Costello still sees some “holes in the urban fabric” in Denver. The 2010 zoning changes “added a lot of wonderful things to the menu, but they’re limited in where they’re allowed. The current mapping that went along with the zoning could hurt our ability to be sustainable.” The end result is “$1.2 million homes that are popping up in Wash Park,” he says. “It has slowed down the reinvestment in other areas.

“The market relied for years on the buying power of the Baby Boomer generation,” Costello says. “Then Generation Y came into the mix and supplemented what Generation X was doing,” reinvigorating “first-ring suburbs” and the city. Generation Y “has embraced the city, but home ownership is still valuable to them.”

Spotlight on Solis 43, Denver

There was one home on an existing 18,000-square-foot parcel in Denver’s Sunnyside neighborhood. There is actually room for five.

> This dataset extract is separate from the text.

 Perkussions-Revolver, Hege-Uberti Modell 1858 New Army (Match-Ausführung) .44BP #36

Dubbed a “micro community,” Solis 43 consists of a detached home and four partially attached ones featuring an artful use of common and private space with a common courtyard, private roof decks, and a cantilevered layout that maximizes privacy and solar potential. Koelbel Urban Homes recently broke ground on the project.

Costello’s design makes meticulous use of private and common space and shows how Denver can develop its way out of its low-density legacy and take the next step toward sustainability.

On the Web: www.bc-dc.com

Social Sustainability

“Do we ever say we wrote the book on sustainability?” jokes Brad Buchanan, principal at RNL, a Denver architecture firm. “We wrote a book on sustainability.” RNL has 130 employees, with about 100 of them in Denver, and has earned a reputation as one of the country’s greenest architecture and design firms.

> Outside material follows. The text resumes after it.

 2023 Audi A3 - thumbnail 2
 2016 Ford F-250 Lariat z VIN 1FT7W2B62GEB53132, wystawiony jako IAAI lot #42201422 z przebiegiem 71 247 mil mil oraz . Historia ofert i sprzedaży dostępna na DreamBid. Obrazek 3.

Tom Hootman, RNL’s director of sustainability, wrote the book in question, “Design for One Earth,” and now he’s got another one coming out called “Net Zero Energy Design” (Wiley Books). “Zero energy is sort of the endgame,” he says. On the way to zero energy, “There is a need in the industry for something LEED is not doing well: measurable performance,” Hootman says. “The trend is going past the design model and making sure the building is being operated correctly. There’s a gap in the metrics. You get LEED plaques but you don’t know how the building is performing.”

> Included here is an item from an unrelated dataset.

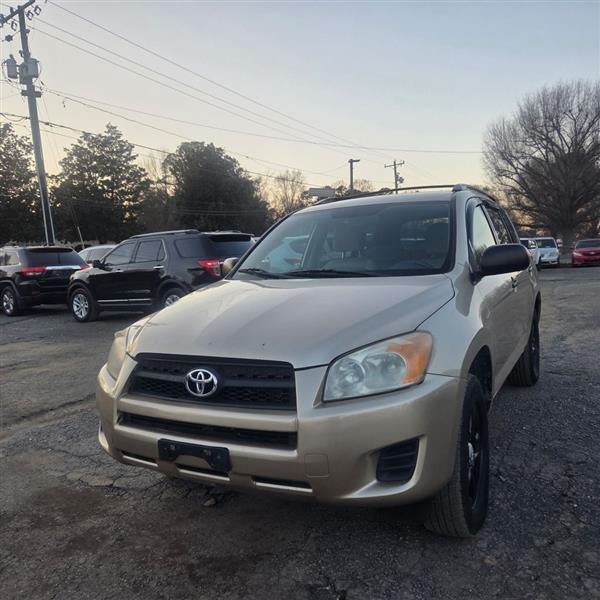 Toyota RAV4 Base I4 4WD 2011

New York and Seattle are among the cities that have started tracking energy use and other performance metrics of larger buildings, and Denver could follow suit if these and other pilot programs prove successful. “That changes the motivation of the building owner,” Hootman says. “That’s going to be a metric people would be interested in.”

Social sustainability is just as important as environmental sustainability, Hootman says. “It was about high-performance buildings,” he says. “Now it’s about high-performance people.”

Spotlight on Tapiz at Mariposa
(1099 Osage Street, Denver)

The first phase of the South Lincoln redevelopment, Tapiz is an eight-story, 100-unit affordable-housing building emblazoned with a colorful mural of butterflies and a tree, located just north of the 10th and Osage light-rail stop in Denver. “This project is truly different than any project in the city’s history,” Buchanan says. “We truly want to end the cycle of poverty. How can we design places that are truly life-changing?”

On the environmental side, there’s an innovative water-reuse system that uses gray water from the showers in the toilets and ground-sourced heat pumps that loop through the foundation and not just the parking lot. The latter are a pilot program for Colorado State University researchers.

Socially speaking, the building has a community resource center offering job-skills training, health-oriented features, and an arts center and a culinary academy, complete with a commercial kitchen.